[Data excerpts]
___
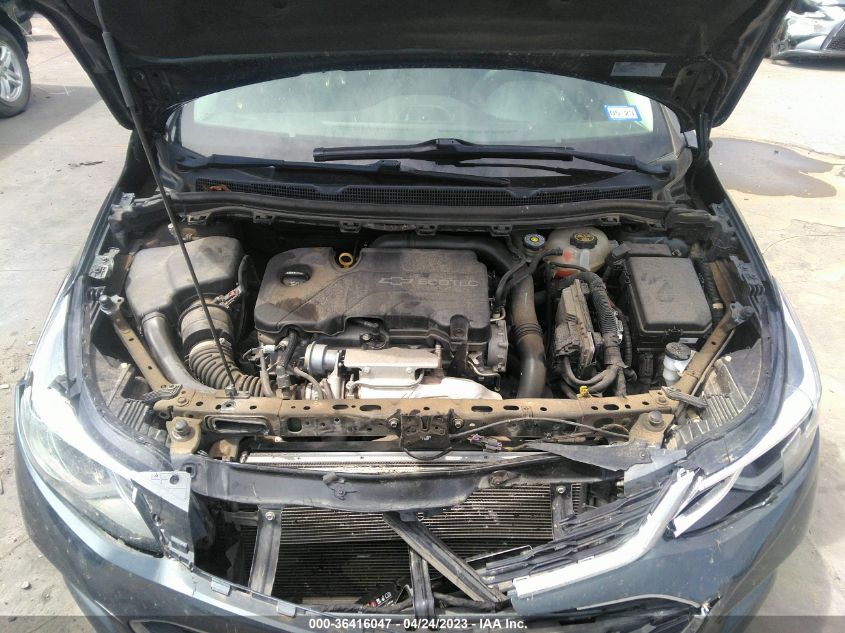 2018 CHEVROLET CRUZE LT - 1G1BE5SM2J7110847
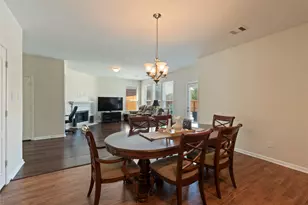 686 Fountain View Ln, League City, TX 77573 - Photo 11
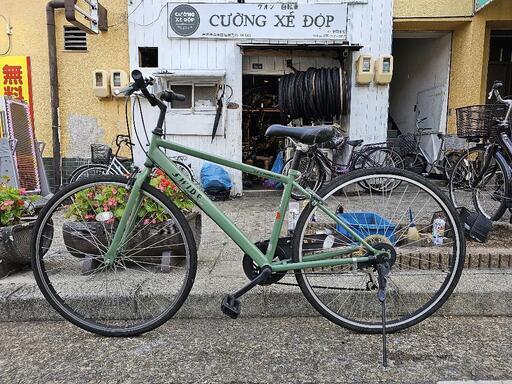 　美品　クロスバイク　２７インチ　６変速　緑　カギ　付き　配達可能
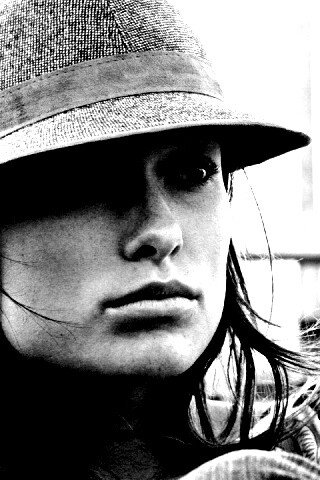 Оливия Уайлд в шикарной шляпе обои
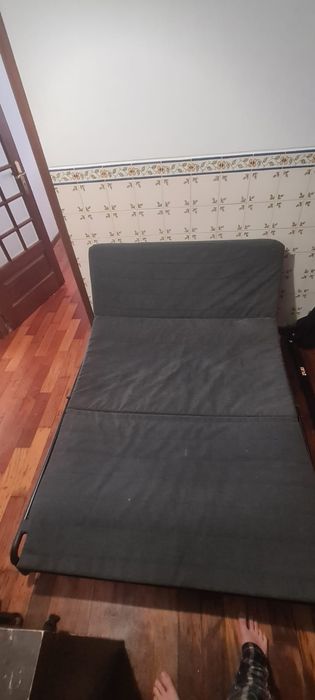Sofá cama com pouco uso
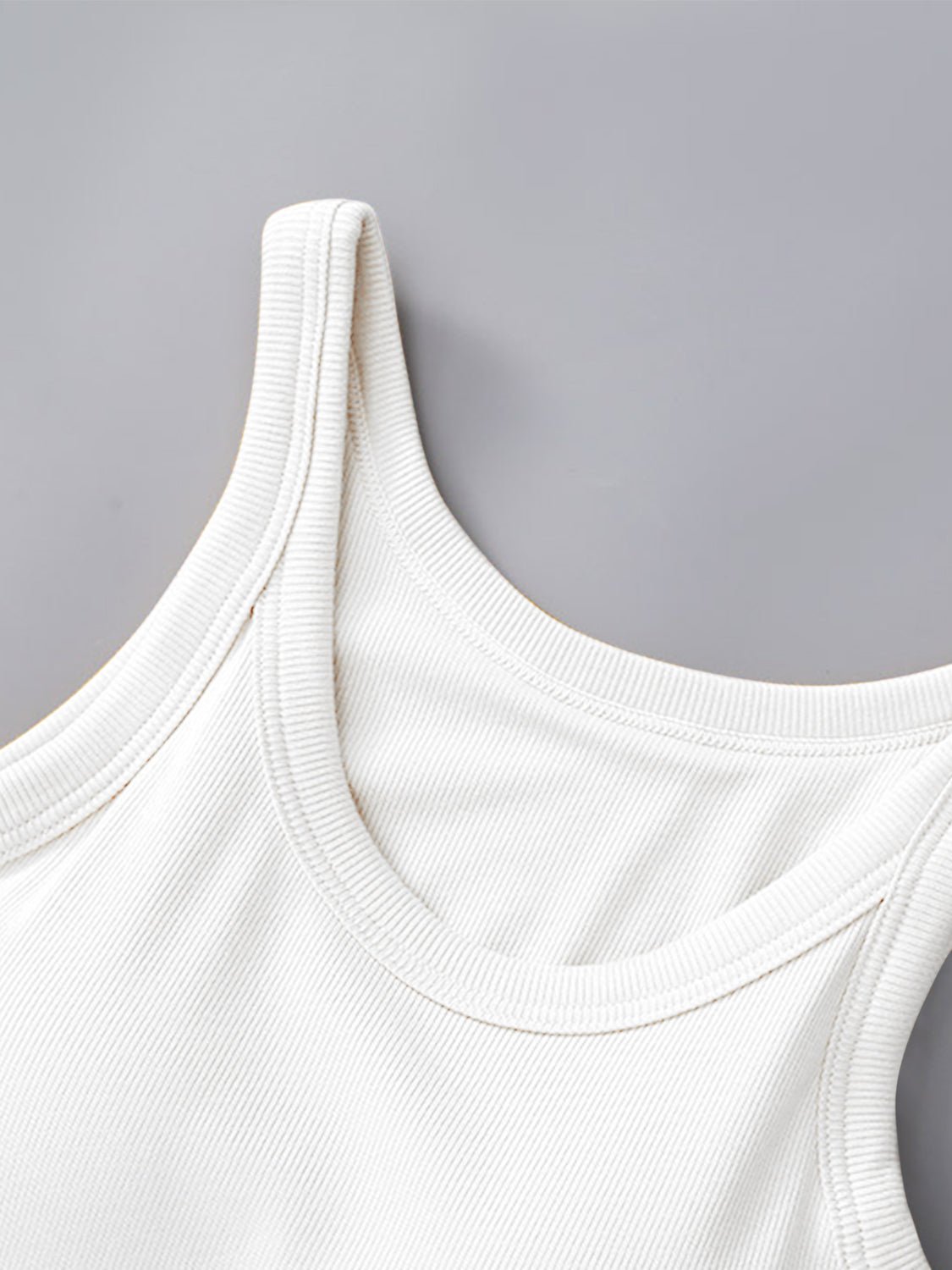 Round Neck Tank with Bra S-XL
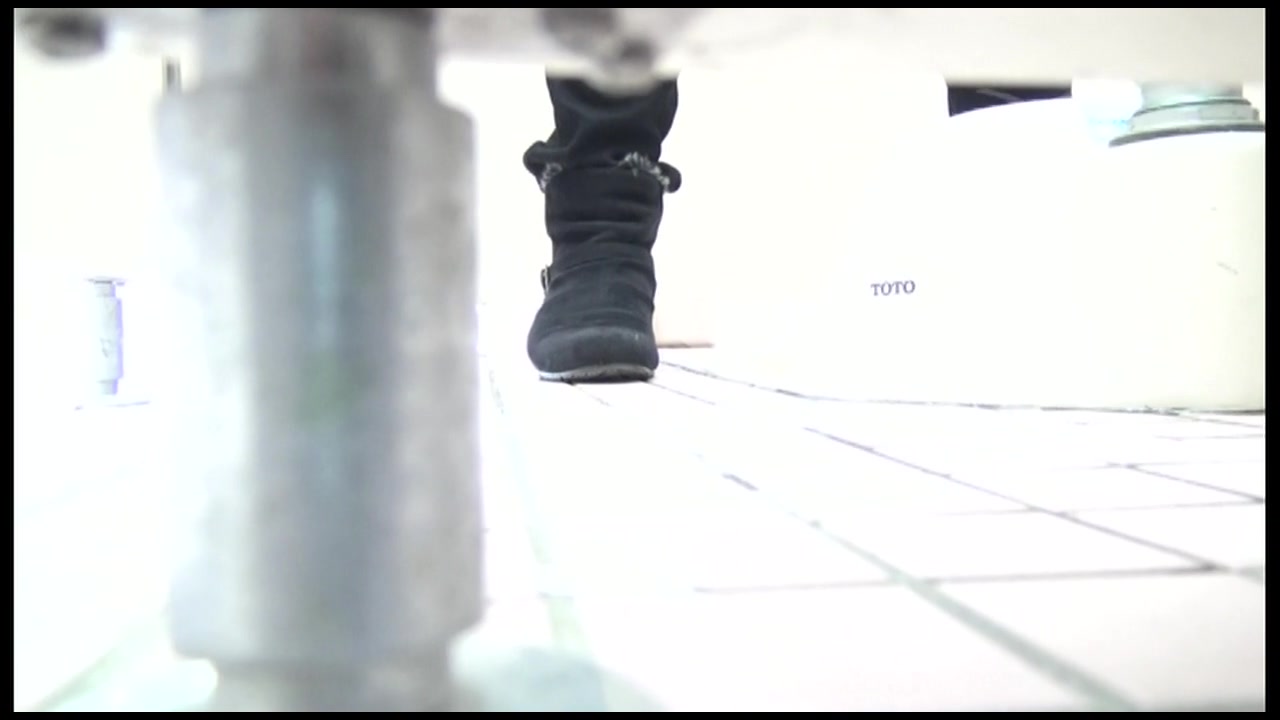 至高洗面所盗撮 Vol.36 体育館 熟女はおすきですか Part.2 サンプル画像3
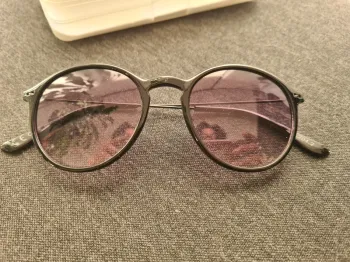 Paire de lunettes femme comme neuves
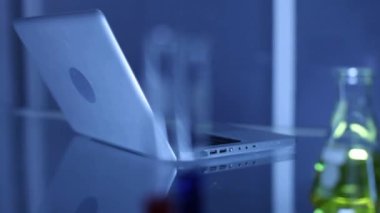 Laboratuvar kapanıyor. Modern Laboratuvar Tıp Merkezi Eczanesi ve kimya temalı test tüpleri. Araştırma laboratuarında çözeltisi olan cam şişeyi test edin.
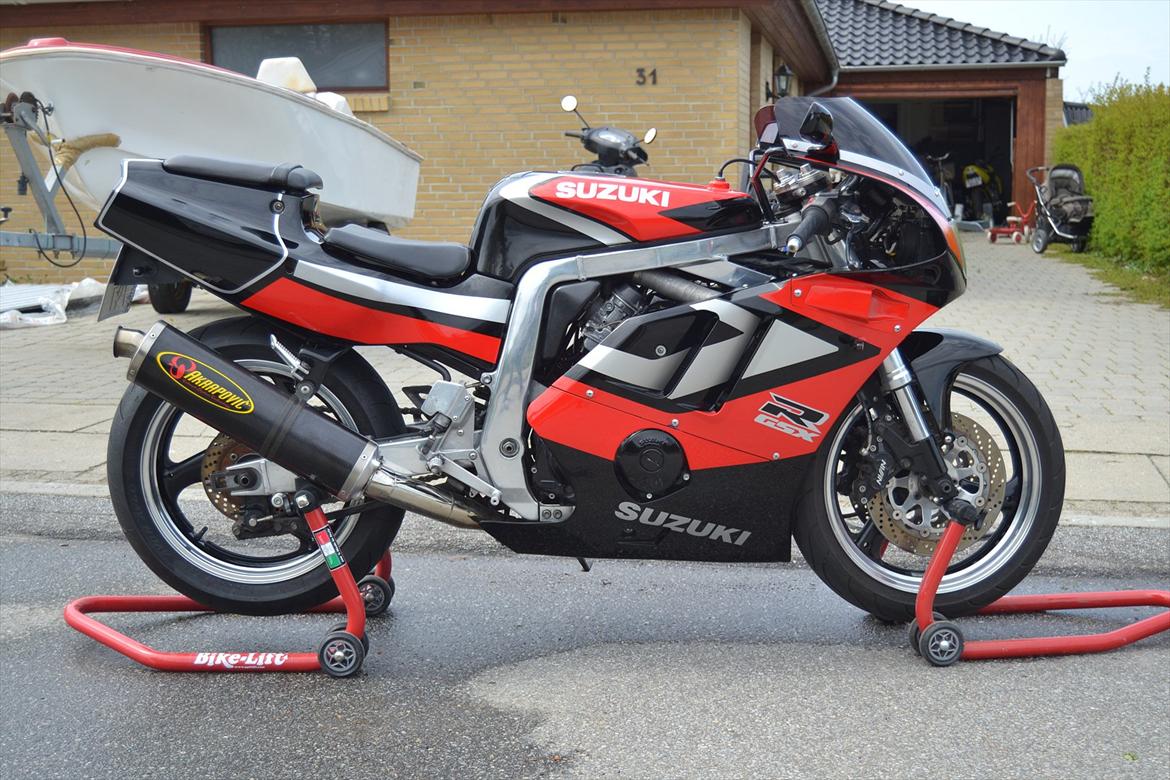 Suzuki Gsxr 400 billede 4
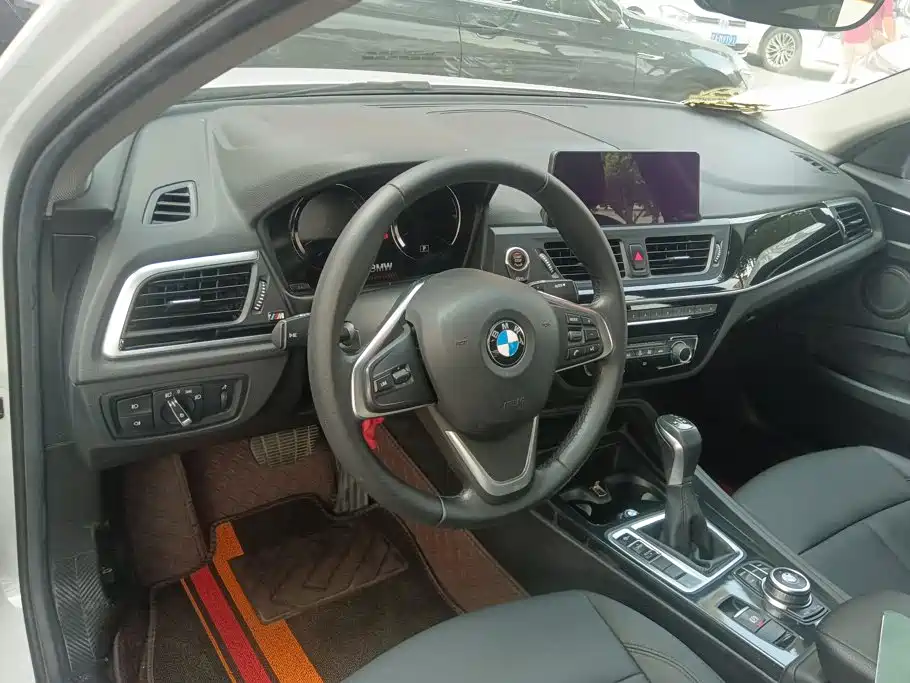 BMW 1 Series 2019 — фото 12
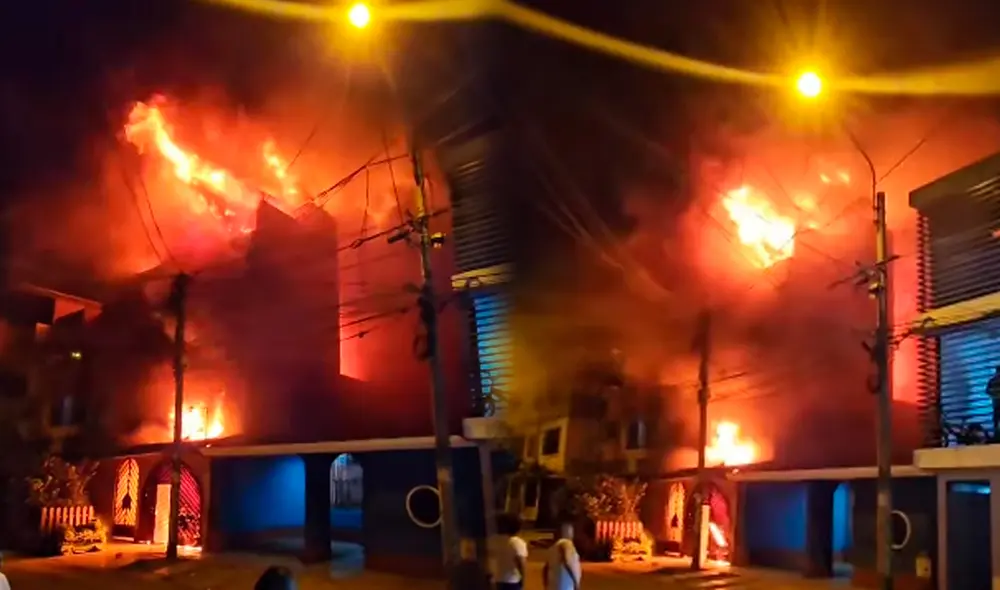Catorce unidades de bombero enfrentan la emergencia para evitar que el fuego se propague. Foto: Composición LR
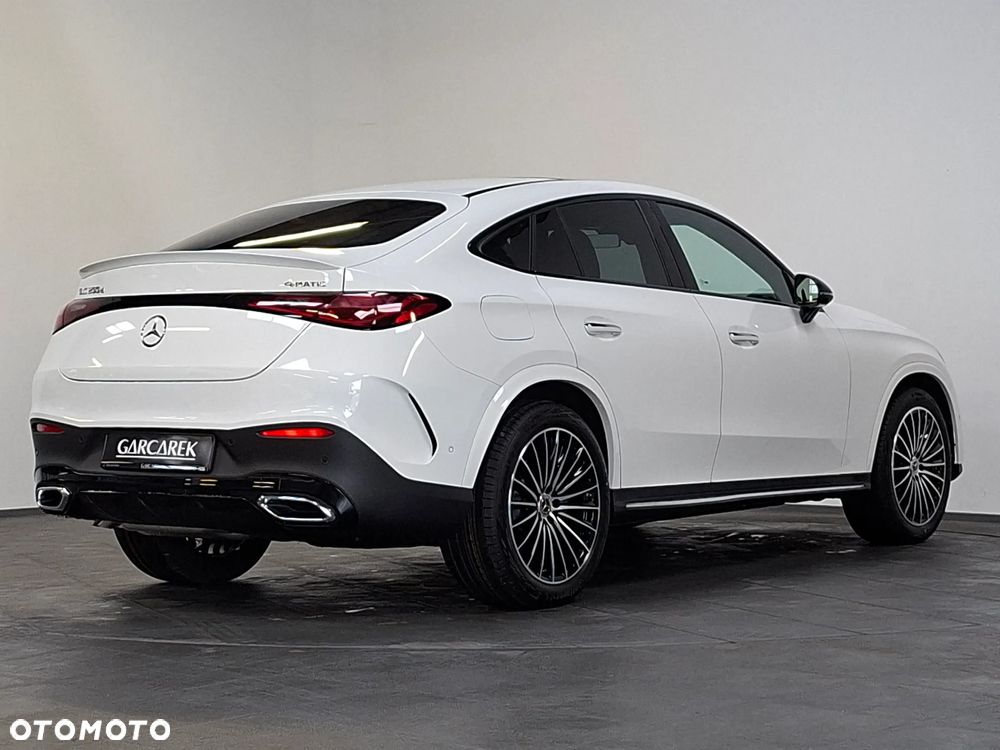 Mercedes-Benz GLC Coupe 200 d mHEV 4-Matic AMG Line - 10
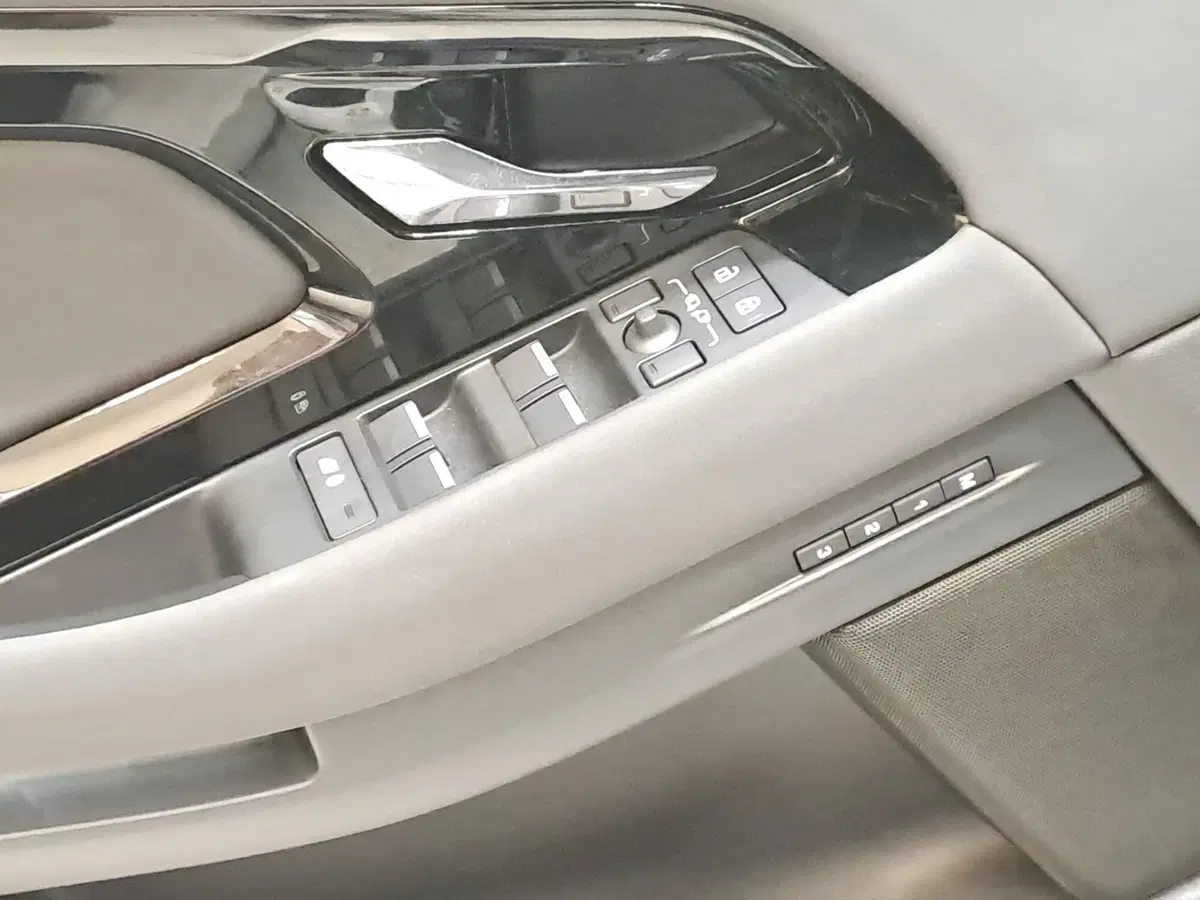 Land Rover Range Rover Evoque usata a Pavia (16)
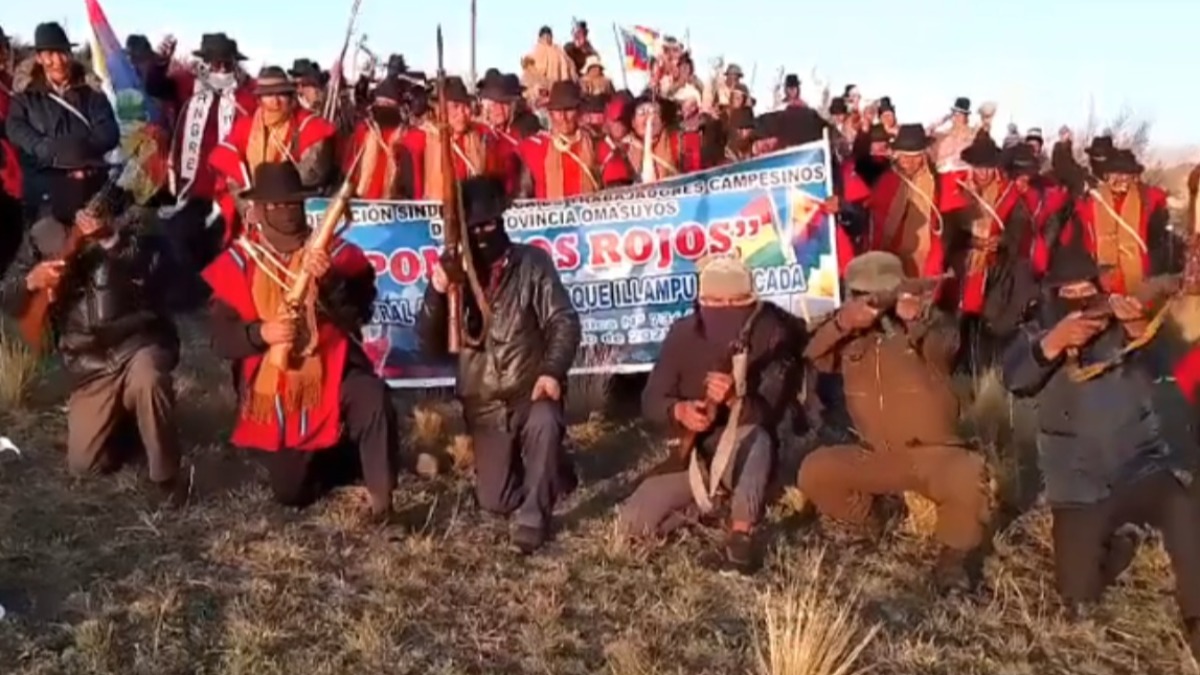 Así aparecieron los Ponchos Rojos poco antes de iniciar su bloqueo el 16 de septiembre. Foto: captura video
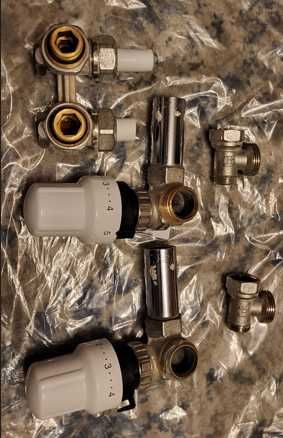 Zestaw grzejników: 2 szt. łazienkowe i 1 szt. pokojowy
___
**Exercise directions:** Restate word for word the lines running from the one with "Land Rover Range" to the end of the entries; pictures are to be left out.

**Solution:**
 Land Rover Range Rover Evoque usata a Pavia (16)
 Así aparecieron los Ponchos Rojos poco antes de iniciar su bloqueo el 16 de septiembre. Foto: captura video
 Zestaw grzejników: 2 szt. łazienkowe i 1 szt. pokojowy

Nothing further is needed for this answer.